Persistent inequalities in science education participation are often attributed to differences in students’ motivation, interest, or aspiration. However, longitudinal evidence increasingly suggests that many students remain behaviourally engaged in science while experiencing declining science identity, weak recognition, and rising social risk. Existing motivational and identity frameworks, including Self-Determination Theory (SDT; Deci and Ryan, 2000) and Situated Expectancy–Value Theory (SEVT; Eccles and Wigfield, 2020), struggle to explain these fragile trajectories when engagement persists but belonging erodes (Carlone and Johnson, 2007).

This paper introduces the Equity-Informed Motivation and Identity Framework (EIMIF), an integrative model building on earlier work referred to as the Integrated Motivation and Identity Framework (IMIF), which centres recognition and multi-dimensional cost as structurally embedded mechanisms shaping science identity over time. EIMIF synthesises SDT ( Deci and Ryan, 2000), SEVT (Eccles and Wigfield, 2020), intersectionality (Crenshaw, 1991), and ecological systems theory (Bronfenbrenner, 1979) to conceptualise science identity as emerging from dynamic feedback loops between motivational processes, social recognition, perceived cost, and structural positioning. Within this framework, recognition and cost are understood not as individual psychological traits, but as socially and institutionally produced forces that enable or constrain students’ sense of belonging in science.

The study draws on two-wave longitudinal survey data from a non-selective secondary school in England (Time 1: n = 509; Time 2: n = 271; matched sample n = 179). Measures captured intrinsic motivation, task value expectancy, internal and aspirational science identity, identity engagement, external recognition, self-efficacy, and perceived effort, time, and social cost. Latent Profile Analysis identified six distinct motivational–identity profiles at each time point, reflecting heterogeneous configurations of engagement, value, recognition, and cost. Longitudinal analyses showed high profile stability and limited upward movement into identity-secure configurations. Critically, downward transitions were associated with rising perceived social and effort cost and inconsistent recognition, rather than declines in interest, value, or aspiration.

These findings challenge deficit accounts of disengagement and demonstrate that motivation alone is insufficient to sustain science identity. EIMIF offers a more comprehensive explanatory framework for understanding why students drift from science despite continued engagement, highlighting the need for recognition-rich, cost-aware approaches to science teaching and policy that prioritise identity security and equitable participation.

Key Words: science identity; recognition; perceived cost; equity in science education; student belonging

Bronfenbrenner, U. (1979). The ecology of human development: Experiments by nature and design (Vol. 352).
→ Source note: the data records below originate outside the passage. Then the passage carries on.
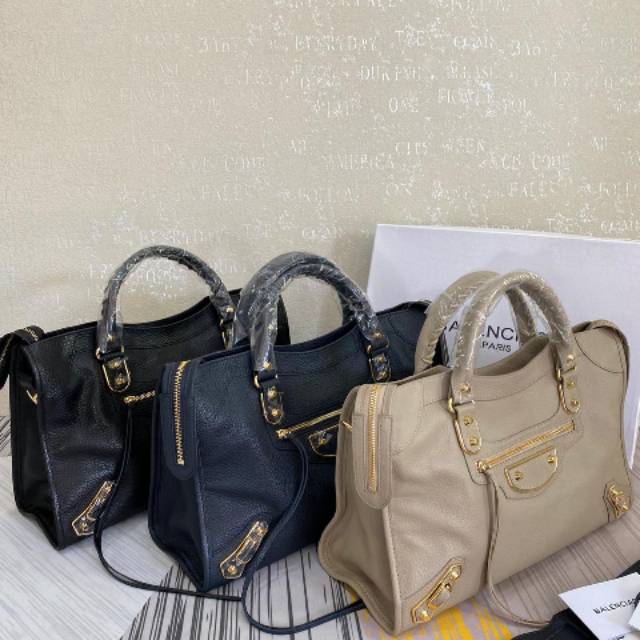 Tas Selempang Balenciaga
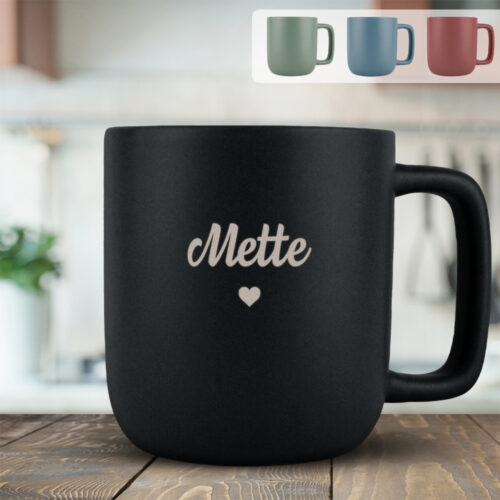 Navn skrift #6 med lille hjerte | Krus med gravering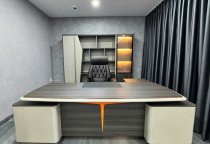 Kích Thước Bàn Giám Đốc Chuẩn Là Bao Nhiêu?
Harvard university press..

Carlone, H. B., & Johnson, A. (2007). Understanding the science experiences of successful women of color: Science identity as an analytic lens. Journal of Research in Science Teaching: The Official Journal of the National Association for Research in Science Teaching44(8), 1187-1218.
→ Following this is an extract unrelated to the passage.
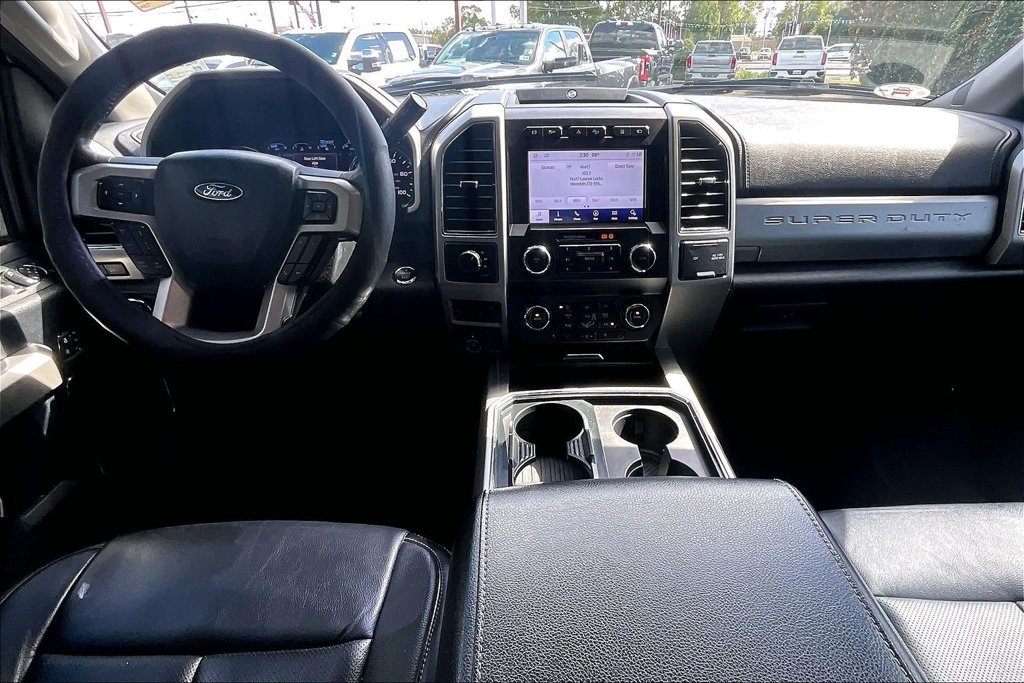Used 2020 Ford F350 Lariat w/ Lariat Ultimate Package AWD/4WD image 11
Crenshaw, K. (1991). Mapping the Margins: Intersectionality, Identity Politics, and Violence against Women of Color. Stanford Law Review43(6), 1241–1299. https://doi.org/10.2307/1229039

Deci, E. L., & Ryan, R. M. (2000). The" what" and" why" of goal pursuits: Human needs and the self-determination of behavior. Psychological inquiry11(4), 227-268.

Eccles, J. S., & Wigfield, A. (2020). From expectancy-value theory to situated expectancy-value theory: A developmental, social cognitive, and sociocultural perspective on motivation. Contemporary educational psychology61, 101859.